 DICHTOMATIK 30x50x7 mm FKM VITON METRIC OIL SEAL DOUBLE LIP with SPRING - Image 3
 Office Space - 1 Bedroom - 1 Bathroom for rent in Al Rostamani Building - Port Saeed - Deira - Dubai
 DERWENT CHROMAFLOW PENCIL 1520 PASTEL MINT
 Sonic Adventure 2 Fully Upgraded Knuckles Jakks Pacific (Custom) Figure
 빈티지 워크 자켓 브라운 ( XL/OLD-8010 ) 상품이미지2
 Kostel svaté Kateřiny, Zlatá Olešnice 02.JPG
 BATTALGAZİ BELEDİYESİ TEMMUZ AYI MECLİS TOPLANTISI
- - -
• **Task item**
Would you reproduce, word for word, the lines from the one holding "Sonic Adventure 2" through the final line of the entries, both included?

• **Result for this task**
 Sonic Adventure 2 Fully Upgraded Knuckles Jakks Pacific (Custom) Figure
 빈티지 워크 자켓 브라운 ( XL/OLD-8010 ) 상품이미지2
 Kostel svaté Kateřiny, Zlatá Olešnice 02.JPG
 BATTALGAZİ BELEDİYESİ TEMMUZ AYI MECLİS TOPLANTISI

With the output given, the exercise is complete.